BEGIN Data below

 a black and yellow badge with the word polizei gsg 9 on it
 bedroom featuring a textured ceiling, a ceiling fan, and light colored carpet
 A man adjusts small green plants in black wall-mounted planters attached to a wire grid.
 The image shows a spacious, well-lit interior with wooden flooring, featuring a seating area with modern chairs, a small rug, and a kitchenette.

END Data below

## What this task involves
For each line above that includes "featuring", copy the line.

## Written solution
 bedroom featuring a textured ceiling, a ceiling fan, and light colored carpet
 The image shows a spacious, well-lit interior with wooden flooring, featuring a seating area with modern chairs, a small rug, and a kitchenette.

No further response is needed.